Abuela, quiero que oigas esto. Voy a carcajearme para oírte cacarear e imitar tu voz. Y tu loro también graznará y chillará con tu voz: «¡Infierno y condenación! ¡Fuego y azufre!», mientras tú comentas: «¿No te lo digo yo, Geneviève? Sólo los malos se enriquecen hoy día. No es como en la época de la Fronda. Entonces sí que había héroes. ¿Has leído el párrafo de las Revelaciones sobre la condenación?». Y cogía la biblia de la mesilla y se ponía a leer lo del fuego del infierno, mientras el loro se balanceaba chillando: «¡Condenación!».

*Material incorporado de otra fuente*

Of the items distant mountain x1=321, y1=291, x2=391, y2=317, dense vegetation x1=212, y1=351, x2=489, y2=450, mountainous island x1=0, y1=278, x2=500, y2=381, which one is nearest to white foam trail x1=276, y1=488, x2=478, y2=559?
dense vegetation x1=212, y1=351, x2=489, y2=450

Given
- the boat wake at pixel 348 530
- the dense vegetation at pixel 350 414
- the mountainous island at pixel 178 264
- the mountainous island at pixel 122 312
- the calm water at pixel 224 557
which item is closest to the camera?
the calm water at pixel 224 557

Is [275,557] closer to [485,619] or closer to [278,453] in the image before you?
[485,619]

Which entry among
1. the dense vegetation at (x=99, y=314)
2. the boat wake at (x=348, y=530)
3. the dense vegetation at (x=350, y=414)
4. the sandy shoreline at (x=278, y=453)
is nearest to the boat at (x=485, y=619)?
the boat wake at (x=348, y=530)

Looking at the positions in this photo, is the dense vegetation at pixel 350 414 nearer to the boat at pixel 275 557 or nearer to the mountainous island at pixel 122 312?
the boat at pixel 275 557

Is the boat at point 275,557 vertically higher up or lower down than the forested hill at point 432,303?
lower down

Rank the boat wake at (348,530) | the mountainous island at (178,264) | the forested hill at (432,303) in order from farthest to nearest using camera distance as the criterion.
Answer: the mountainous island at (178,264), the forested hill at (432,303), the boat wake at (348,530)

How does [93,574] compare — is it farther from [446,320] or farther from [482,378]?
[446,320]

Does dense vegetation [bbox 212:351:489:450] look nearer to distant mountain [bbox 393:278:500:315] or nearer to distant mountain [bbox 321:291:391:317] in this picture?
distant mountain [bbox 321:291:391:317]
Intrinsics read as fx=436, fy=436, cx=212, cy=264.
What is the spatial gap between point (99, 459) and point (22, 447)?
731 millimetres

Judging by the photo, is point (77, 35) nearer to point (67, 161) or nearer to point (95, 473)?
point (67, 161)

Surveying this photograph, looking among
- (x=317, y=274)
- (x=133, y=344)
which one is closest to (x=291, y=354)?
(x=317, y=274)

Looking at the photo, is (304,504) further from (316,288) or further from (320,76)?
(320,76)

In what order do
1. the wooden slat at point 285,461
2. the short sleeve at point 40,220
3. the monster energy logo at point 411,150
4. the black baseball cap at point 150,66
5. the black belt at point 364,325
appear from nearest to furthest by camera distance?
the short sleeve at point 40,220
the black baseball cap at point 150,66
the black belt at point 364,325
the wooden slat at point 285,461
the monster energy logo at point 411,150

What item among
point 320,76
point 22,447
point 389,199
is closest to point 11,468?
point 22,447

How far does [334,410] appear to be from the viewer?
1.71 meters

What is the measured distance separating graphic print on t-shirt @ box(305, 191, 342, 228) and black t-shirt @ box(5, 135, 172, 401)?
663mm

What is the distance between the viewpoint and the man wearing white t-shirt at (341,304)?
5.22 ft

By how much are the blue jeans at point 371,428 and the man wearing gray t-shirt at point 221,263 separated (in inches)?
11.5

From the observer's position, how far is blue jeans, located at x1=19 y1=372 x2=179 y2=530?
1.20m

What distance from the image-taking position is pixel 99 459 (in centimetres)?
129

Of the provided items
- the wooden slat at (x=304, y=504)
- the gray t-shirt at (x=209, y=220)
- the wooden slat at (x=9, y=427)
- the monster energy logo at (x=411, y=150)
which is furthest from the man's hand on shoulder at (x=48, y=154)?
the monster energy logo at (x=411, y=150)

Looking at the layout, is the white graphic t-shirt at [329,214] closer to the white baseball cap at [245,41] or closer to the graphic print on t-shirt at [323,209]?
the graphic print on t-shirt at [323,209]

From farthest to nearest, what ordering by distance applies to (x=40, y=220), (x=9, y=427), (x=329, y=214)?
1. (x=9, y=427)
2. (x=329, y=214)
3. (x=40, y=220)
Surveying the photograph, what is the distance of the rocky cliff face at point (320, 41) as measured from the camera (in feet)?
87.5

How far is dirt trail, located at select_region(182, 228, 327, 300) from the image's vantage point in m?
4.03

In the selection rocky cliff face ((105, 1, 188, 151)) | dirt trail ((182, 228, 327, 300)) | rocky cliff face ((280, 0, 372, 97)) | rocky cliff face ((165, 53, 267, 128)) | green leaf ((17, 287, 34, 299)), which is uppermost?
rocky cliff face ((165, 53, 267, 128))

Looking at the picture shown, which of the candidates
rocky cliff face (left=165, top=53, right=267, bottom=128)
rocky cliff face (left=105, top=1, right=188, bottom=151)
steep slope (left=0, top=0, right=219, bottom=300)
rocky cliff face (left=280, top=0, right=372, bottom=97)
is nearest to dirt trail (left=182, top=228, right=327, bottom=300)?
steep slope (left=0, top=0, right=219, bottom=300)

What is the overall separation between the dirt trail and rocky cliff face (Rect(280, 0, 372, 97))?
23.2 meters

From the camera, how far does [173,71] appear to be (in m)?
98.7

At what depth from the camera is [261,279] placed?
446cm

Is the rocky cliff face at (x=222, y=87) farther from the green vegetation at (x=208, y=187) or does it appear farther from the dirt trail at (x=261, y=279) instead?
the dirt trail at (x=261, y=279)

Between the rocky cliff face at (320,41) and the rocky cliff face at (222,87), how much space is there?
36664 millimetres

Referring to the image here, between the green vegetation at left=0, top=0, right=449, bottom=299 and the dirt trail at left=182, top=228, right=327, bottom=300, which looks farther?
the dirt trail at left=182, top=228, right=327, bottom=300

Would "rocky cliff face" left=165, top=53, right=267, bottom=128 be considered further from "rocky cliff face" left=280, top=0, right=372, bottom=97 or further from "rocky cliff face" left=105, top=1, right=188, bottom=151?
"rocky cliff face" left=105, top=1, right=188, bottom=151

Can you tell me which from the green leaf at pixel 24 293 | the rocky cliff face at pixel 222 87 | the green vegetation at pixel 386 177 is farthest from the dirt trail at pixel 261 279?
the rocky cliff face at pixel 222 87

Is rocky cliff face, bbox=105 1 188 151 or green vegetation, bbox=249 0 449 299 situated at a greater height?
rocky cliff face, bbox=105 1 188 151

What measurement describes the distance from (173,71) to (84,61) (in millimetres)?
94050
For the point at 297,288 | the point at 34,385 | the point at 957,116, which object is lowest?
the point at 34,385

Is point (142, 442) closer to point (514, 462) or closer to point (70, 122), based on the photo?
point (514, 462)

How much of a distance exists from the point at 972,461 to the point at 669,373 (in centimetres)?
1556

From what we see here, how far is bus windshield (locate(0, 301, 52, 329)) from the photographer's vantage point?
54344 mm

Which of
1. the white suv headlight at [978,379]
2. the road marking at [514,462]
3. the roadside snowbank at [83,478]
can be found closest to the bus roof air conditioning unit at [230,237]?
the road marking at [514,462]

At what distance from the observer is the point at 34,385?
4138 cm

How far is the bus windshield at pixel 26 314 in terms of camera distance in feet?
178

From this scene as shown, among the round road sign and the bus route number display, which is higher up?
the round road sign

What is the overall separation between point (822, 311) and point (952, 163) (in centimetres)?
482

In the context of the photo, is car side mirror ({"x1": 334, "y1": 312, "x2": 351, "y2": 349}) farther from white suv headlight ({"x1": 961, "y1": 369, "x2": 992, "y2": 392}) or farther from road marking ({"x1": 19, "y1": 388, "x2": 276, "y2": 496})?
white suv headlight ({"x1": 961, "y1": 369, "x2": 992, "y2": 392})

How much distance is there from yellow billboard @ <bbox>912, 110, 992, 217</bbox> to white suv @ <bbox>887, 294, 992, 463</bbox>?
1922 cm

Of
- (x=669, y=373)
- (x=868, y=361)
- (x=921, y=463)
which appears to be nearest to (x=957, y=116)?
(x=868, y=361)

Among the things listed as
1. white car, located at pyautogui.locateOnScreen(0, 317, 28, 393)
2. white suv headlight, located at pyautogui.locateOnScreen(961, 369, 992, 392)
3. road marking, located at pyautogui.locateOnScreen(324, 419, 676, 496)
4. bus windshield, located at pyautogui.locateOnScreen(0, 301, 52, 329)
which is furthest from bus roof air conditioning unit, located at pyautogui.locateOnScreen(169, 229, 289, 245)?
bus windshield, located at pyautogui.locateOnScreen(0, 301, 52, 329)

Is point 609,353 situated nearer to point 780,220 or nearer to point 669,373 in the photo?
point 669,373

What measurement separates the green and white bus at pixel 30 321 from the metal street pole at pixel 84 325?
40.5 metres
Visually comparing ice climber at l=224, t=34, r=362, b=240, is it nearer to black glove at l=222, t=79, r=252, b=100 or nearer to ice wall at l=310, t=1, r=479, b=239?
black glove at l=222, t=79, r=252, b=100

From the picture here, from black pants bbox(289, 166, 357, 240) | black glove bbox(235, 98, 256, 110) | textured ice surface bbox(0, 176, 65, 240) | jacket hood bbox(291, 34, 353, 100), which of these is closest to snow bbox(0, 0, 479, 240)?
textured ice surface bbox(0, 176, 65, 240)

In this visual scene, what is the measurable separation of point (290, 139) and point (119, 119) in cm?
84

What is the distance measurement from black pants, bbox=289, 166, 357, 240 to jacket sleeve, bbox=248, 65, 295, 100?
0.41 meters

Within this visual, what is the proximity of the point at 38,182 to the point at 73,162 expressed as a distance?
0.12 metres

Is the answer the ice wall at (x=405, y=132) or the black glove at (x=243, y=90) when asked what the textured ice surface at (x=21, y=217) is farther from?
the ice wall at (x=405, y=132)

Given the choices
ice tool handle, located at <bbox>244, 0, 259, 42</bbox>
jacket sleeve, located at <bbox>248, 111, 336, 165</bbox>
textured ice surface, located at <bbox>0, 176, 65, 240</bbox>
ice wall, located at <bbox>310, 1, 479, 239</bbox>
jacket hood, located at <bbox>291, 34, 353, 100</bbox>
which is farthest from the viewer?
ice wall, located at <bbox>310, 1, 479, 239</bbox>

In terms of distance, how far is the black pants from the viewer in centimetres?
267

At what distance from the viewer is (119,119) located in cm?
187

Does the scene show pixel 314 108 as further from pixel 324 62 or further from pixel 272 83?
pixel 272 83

Pero el loro había gritado «¡Bebe, bebe!» en la habitación de la muerta.

Sentí un escalofrío. Ahora veía mentalmente muy clara aquella idea que había rehuido. La copa de cordial cae rodando, ataque cardíaco, el loro imitando a alguien que había dicho «¡Bebe, bebe!». Alguien que pensaba que la abuela era una vieja loca; alguien con mucha prisa que abrió a la fuerza la mandíbula fuertemente cerrada de la abuela para hacerle tragar la copa de cordial mientras la anciana se debatía en vano. Alguien que había arrebatado de su mano crispada una carta dirigida al teniente general de la policía. Alguien que sabía que abajo aguardaba el carruaje, que oyó mis pasos en la escalera y se escabulló precipitadamente entre un frufrú de tafetanes.

La abuela; con su mirada taimada y su rostro marchito. La abuela, postrada en cama, rodeada de sus libelles, coplas de ciego y gacetas cortesanas, había descubierto lo que a todos había pasado inadvertido. La enfermedad de mi padre no era natural; le habían ido envenenando poco a poco. La abuela sospechaba el método y quería comunicar sus sospechas a la policía. Y la prueba de que la abuela estaba en lo cierto era que alguien —alguien con miriñaque de tafetán— la había obligado a beber veneno para ocultar el crimen. Mi mente ahuyentó aquellos pensamientos, pero la imagen del cuarto de la muerta, el loro saltando enloquecido de la cortina al dosel del lecho permaneció fija ante mí como una pesadilla. ¿Cuántos viales de arsénico blanco, de eléboro, de acónito, de mort aux rats tenía mi madre entre sus cajitas de carmín y de polvos de belleza en el armarito de su ruelle? Alto, alto. Lógica. La mente racional debe operar con lógica. Pero sólo había una pregunta a resolver por medio de la lógica. ¿Se había procurado mi madre el veneno en la calle de Beauregard? Sentí un escalofrío. No osaba indagar.